Work to be completed
Copy all entries without alteration and skip the pictures they hold.
........
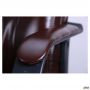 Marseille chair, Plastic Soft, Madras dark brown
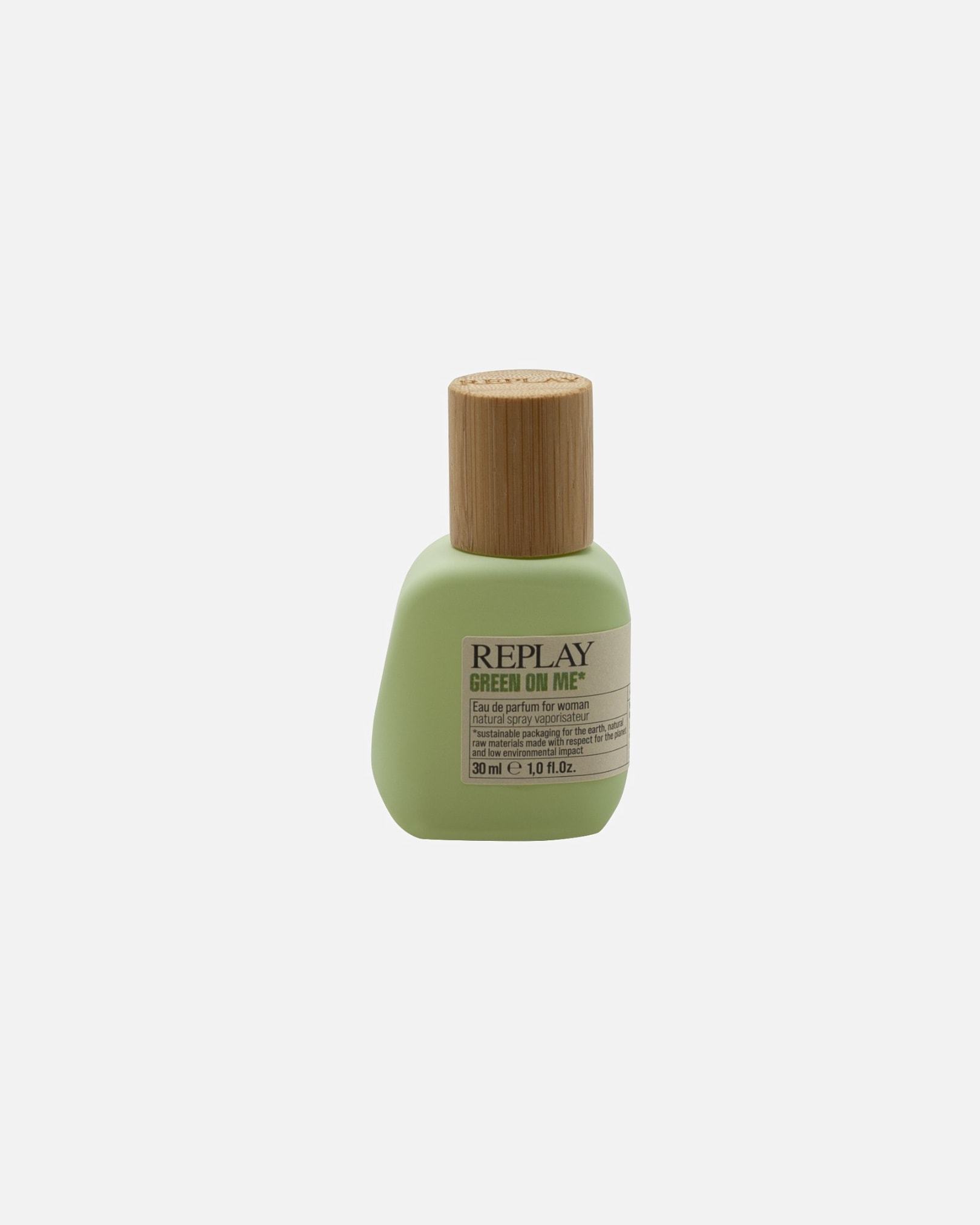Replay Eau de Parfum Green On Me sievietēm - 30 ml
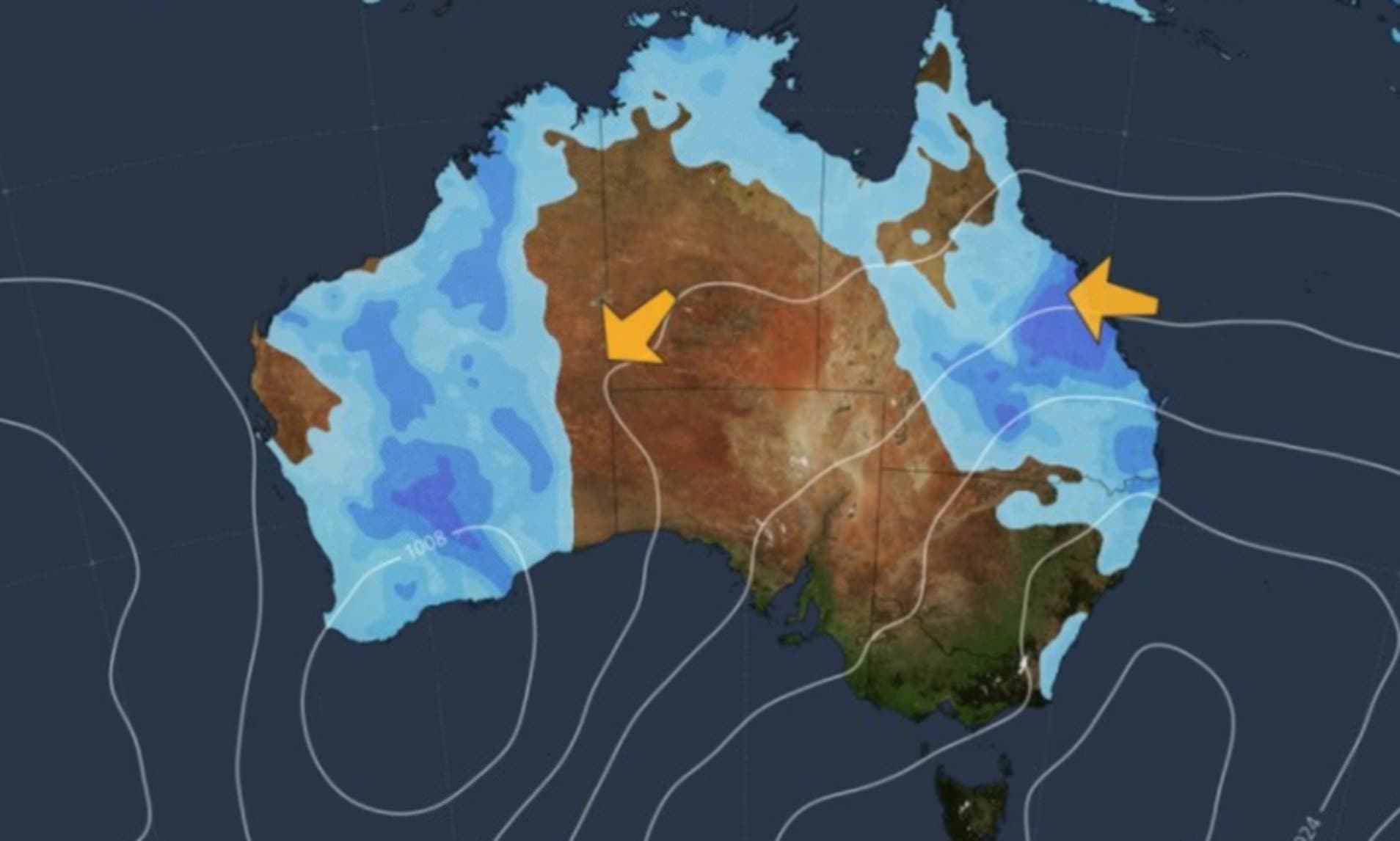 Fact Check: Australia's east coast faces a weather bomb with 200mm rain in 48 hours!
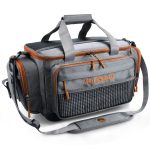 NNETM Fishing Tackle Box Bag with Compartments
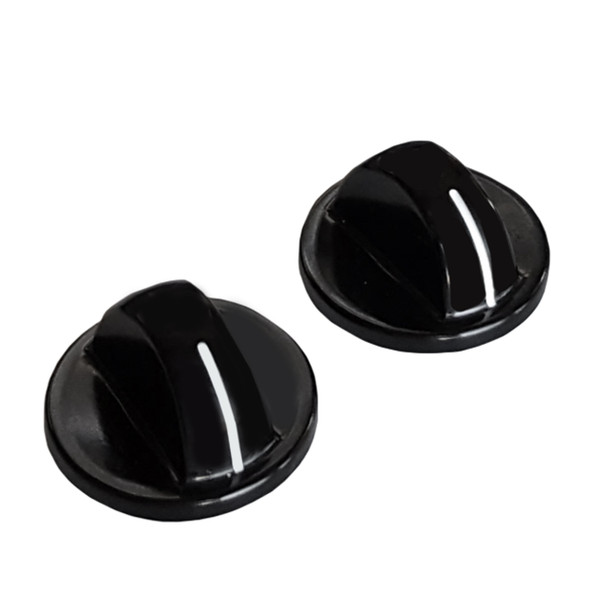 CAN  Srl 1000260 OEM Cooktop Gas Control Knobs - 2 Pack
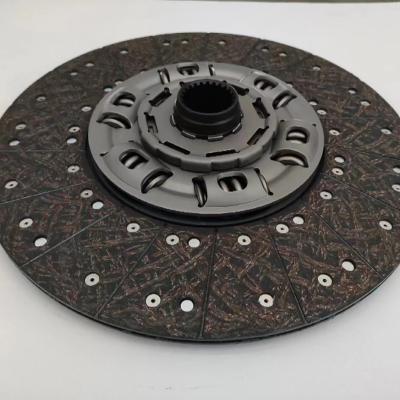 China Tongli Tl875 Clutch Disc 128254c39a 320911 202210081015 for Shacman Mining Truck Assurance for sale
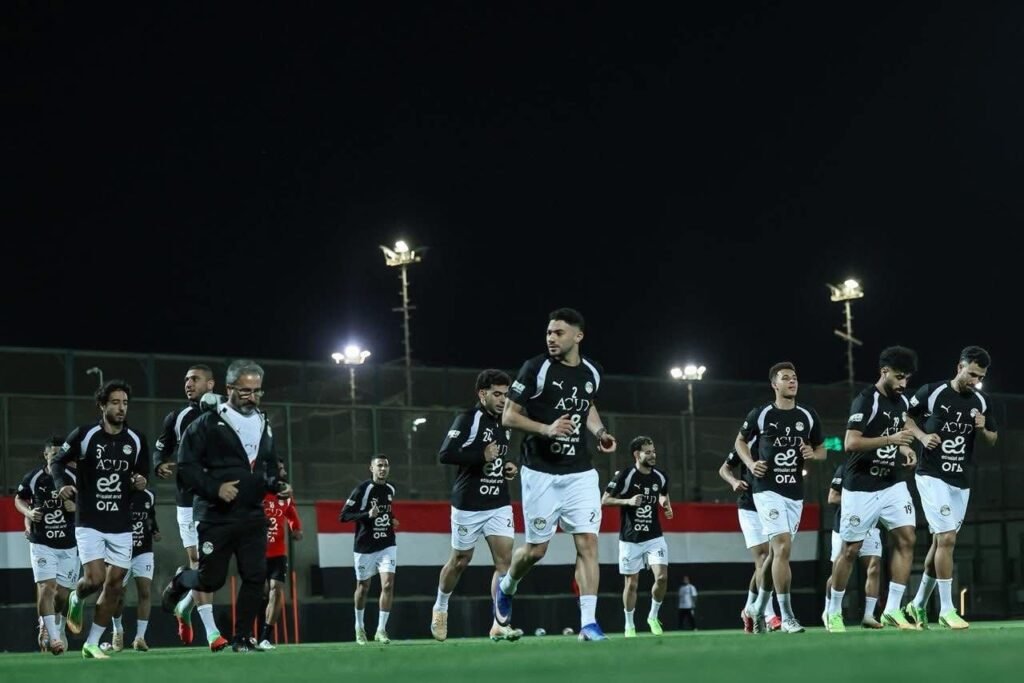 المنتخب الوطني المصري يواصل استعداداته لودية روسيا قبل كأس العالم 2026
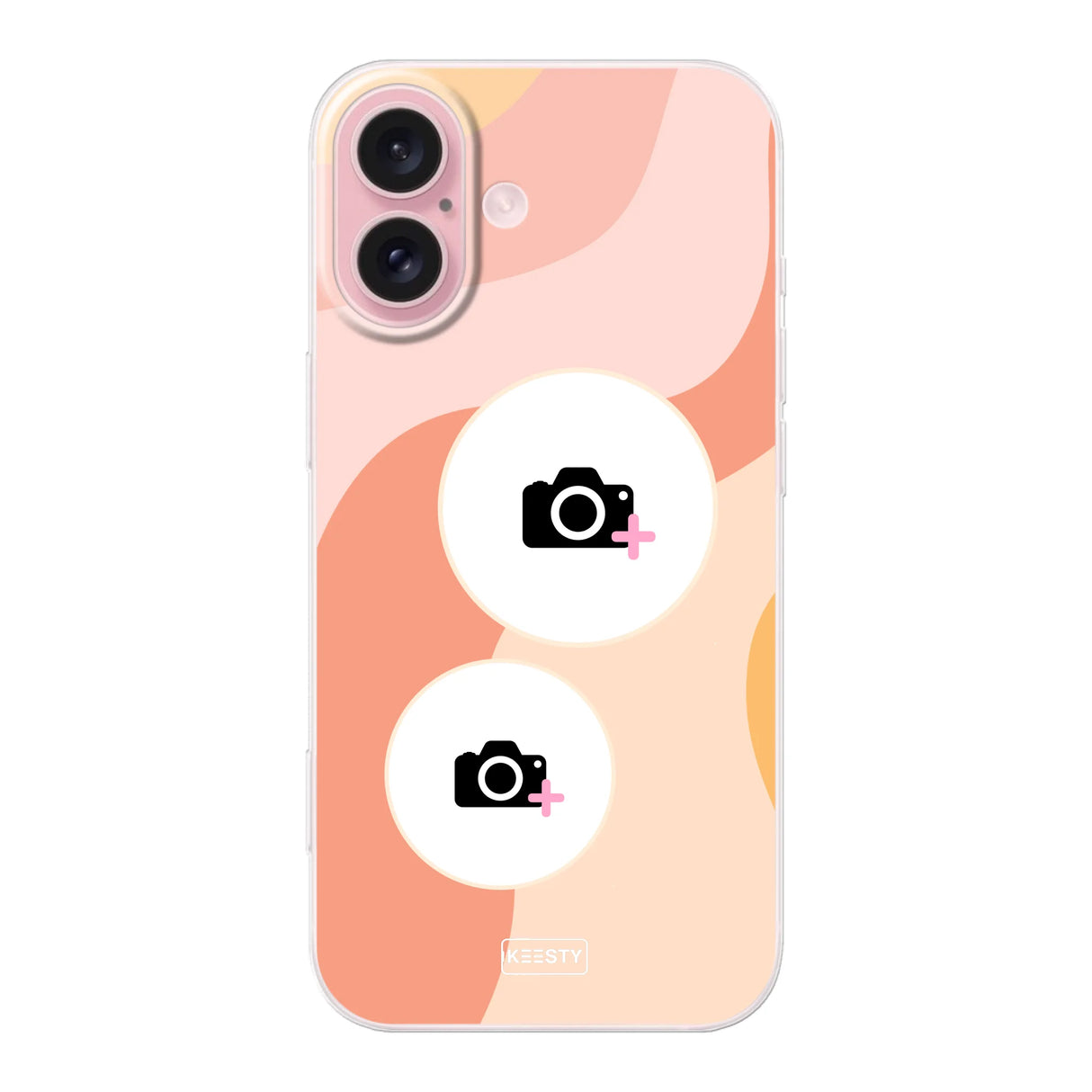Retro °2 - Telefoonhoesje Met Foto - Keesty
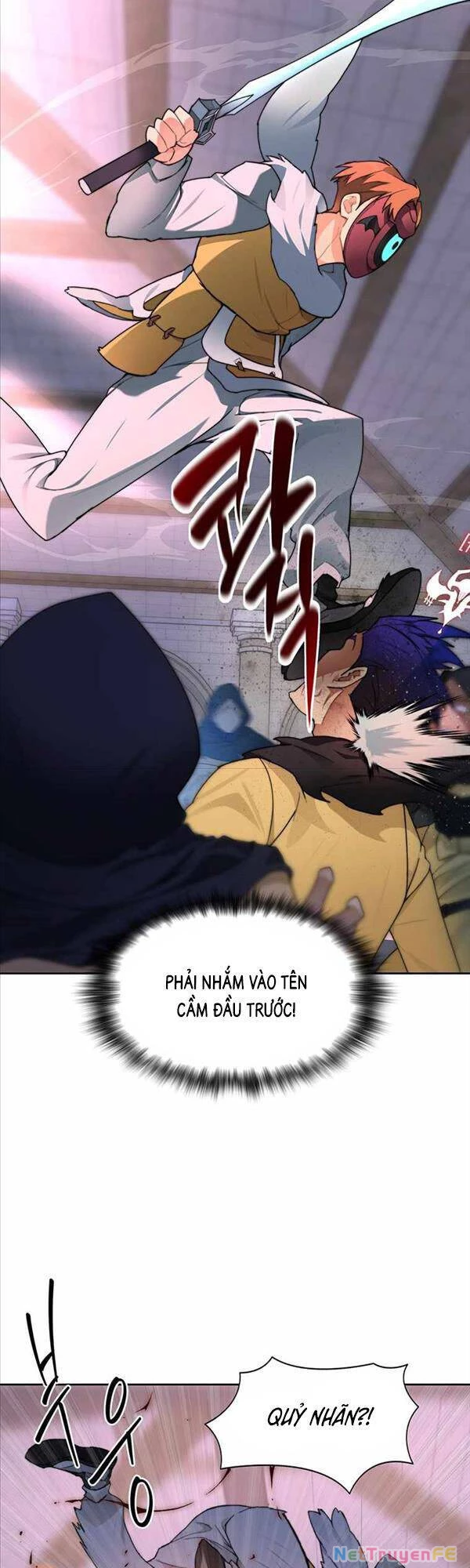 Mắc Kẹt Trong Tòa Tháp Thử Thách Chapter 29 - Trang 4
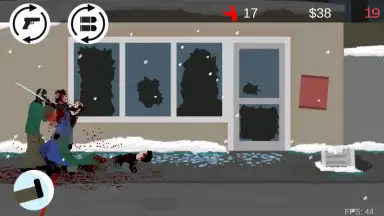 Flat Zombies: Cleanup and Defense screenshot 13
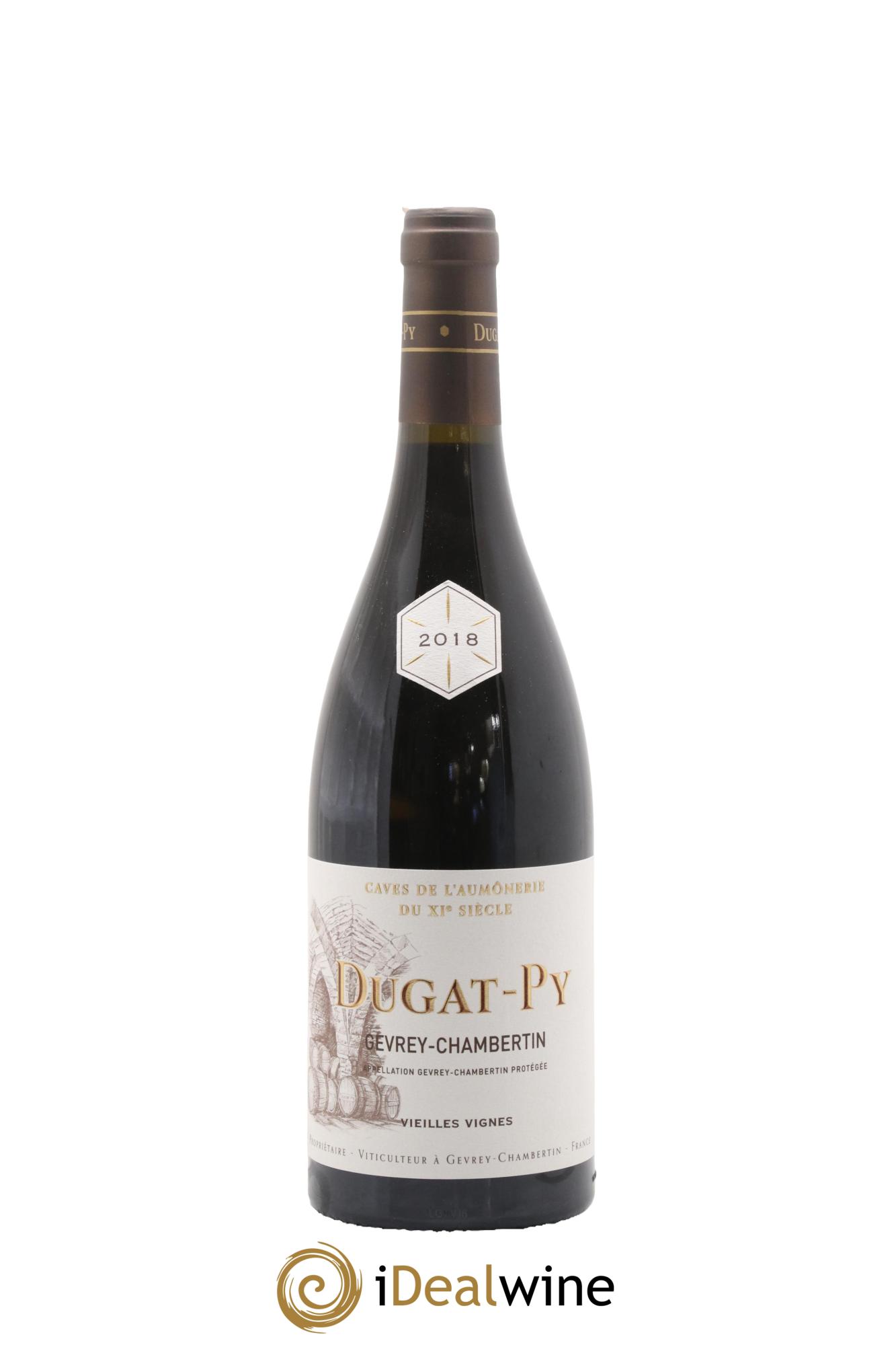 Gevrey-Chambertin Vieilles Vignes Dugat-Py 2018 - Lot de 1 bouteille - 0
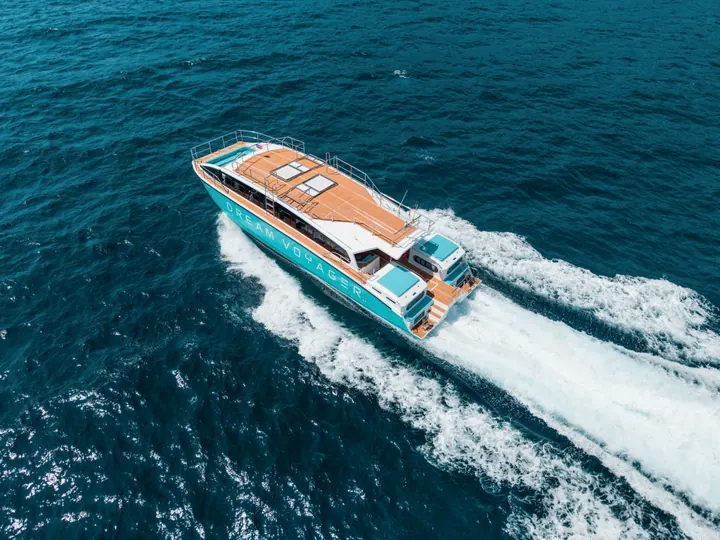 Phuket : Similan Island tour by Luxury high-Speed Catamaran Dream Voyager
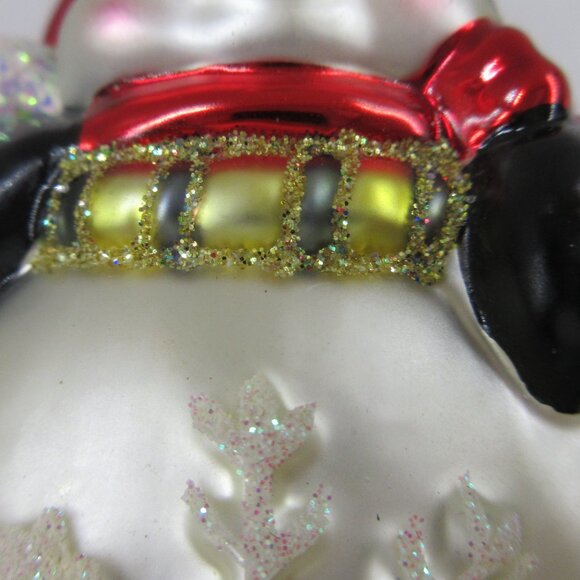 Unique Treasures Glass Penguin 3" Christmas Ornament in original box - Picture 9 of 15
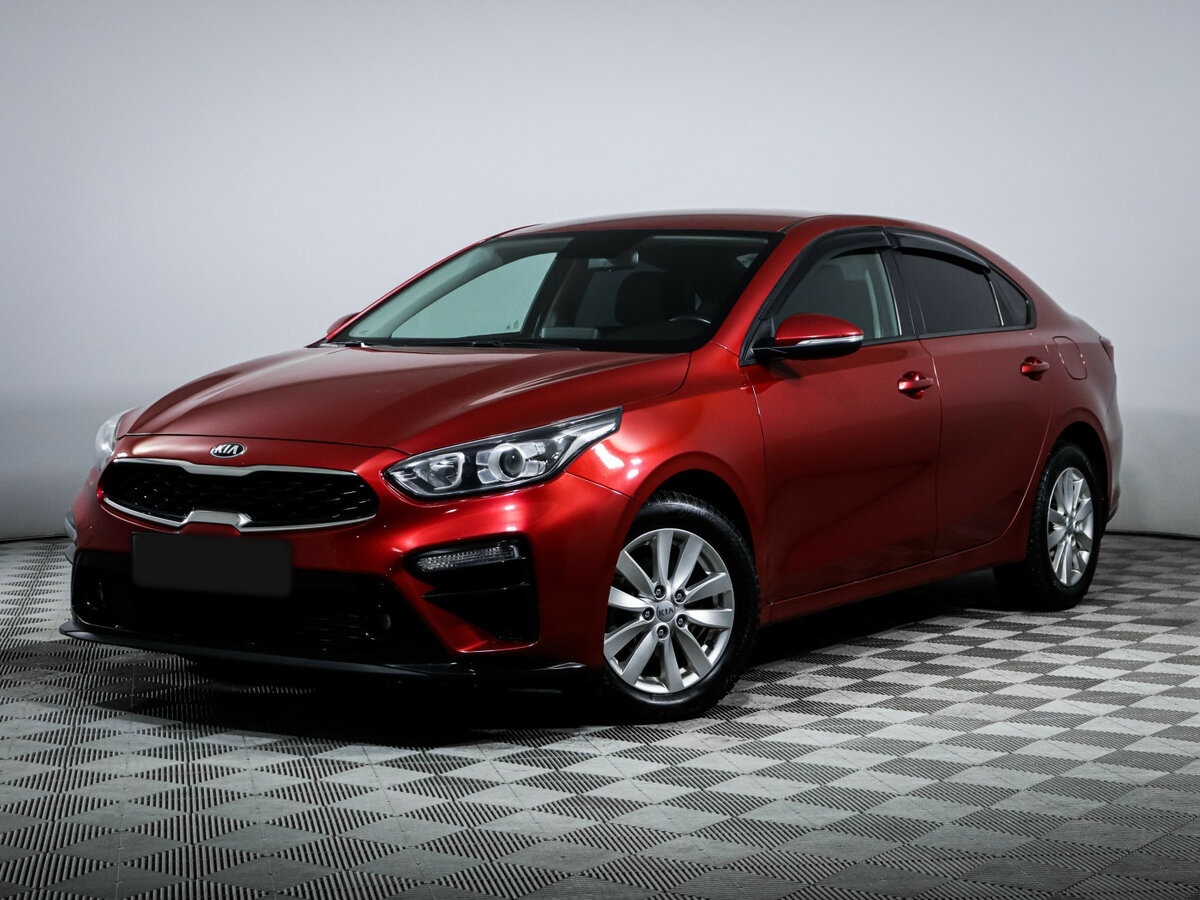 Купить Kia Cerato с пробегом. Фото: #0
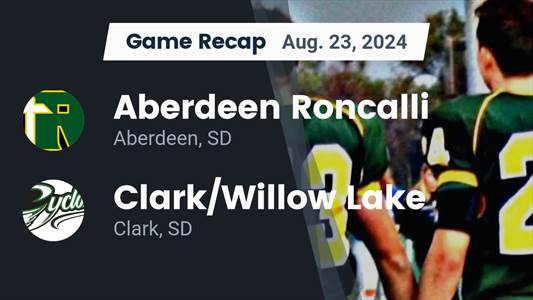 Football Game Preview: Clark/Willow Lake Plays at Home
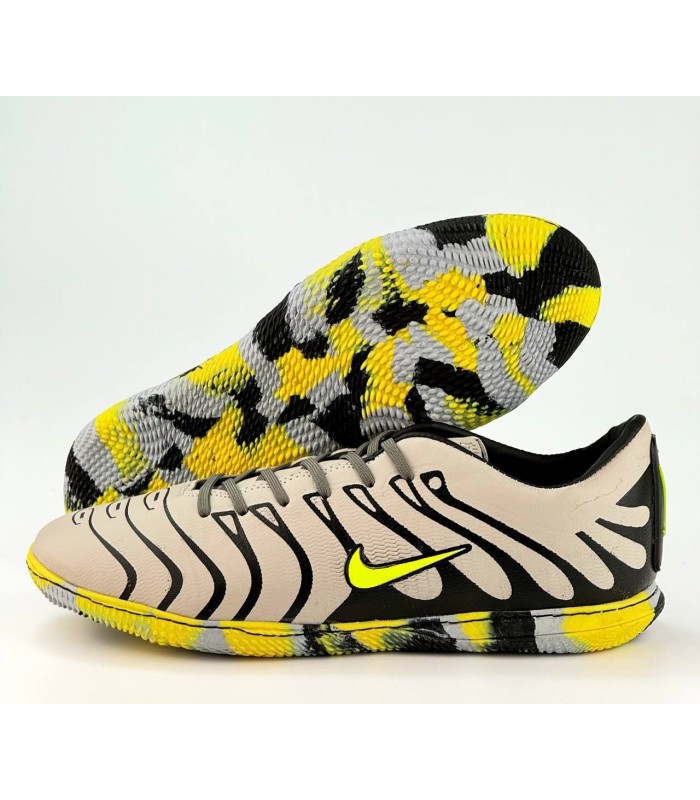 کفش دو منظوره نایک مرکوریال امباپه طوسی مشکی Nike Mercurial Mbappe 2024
........
Problem solution
 Marseille chair, Plastic Soft, Madras dark brown
Replay Eau de Parfum Green On Me sievietēm - 30 ml
 Fact Check: Australia's east coast faces a weather bomb with 200mm rain in 48 hours!
 NNETM Fishing Tackle Box Bag with Compartments
 CAN  Srl 1000260 OEM Cooktop Gas Control Knobs - 2 Pack
 China Tongli Tl875 Clutch Disc 128254c39a 320911 202210081015 for Shacman Mining Truck Assurance for sale
 المنتخب الوطني المصري يواصل استعداداته لودية روسيا قبل كأس العالم 2026
Retro °2 - Telefoonhoesje Met Foto - Keesty
 Mắc Kẹt Trong Tòa Tháp Thử Thách Chapter 29 - Trang 4
 Flat Zombies: Cleanup and Defense screenshot 13
 Gevrey-Chambertin Vieilles Vignes Dugat-Py 2018 - Lot de 1 bouteille - 0
 Phuket : Similan Island tour by Luxury high-Speed Catamaran Dream Voyager
 Unique Treasures Glass Penguin 3" Christmas Ornament in original box - Picture 9 of 15
 Купить Kia Cerato с пробегом. Фото: #0
 Football Game Preview: Clark/Willow Lake Plays at Home
 کفش دو منظوره نایک مرکوریال امباپه طوسی مشکی Nike Mercurial Mbappe 2024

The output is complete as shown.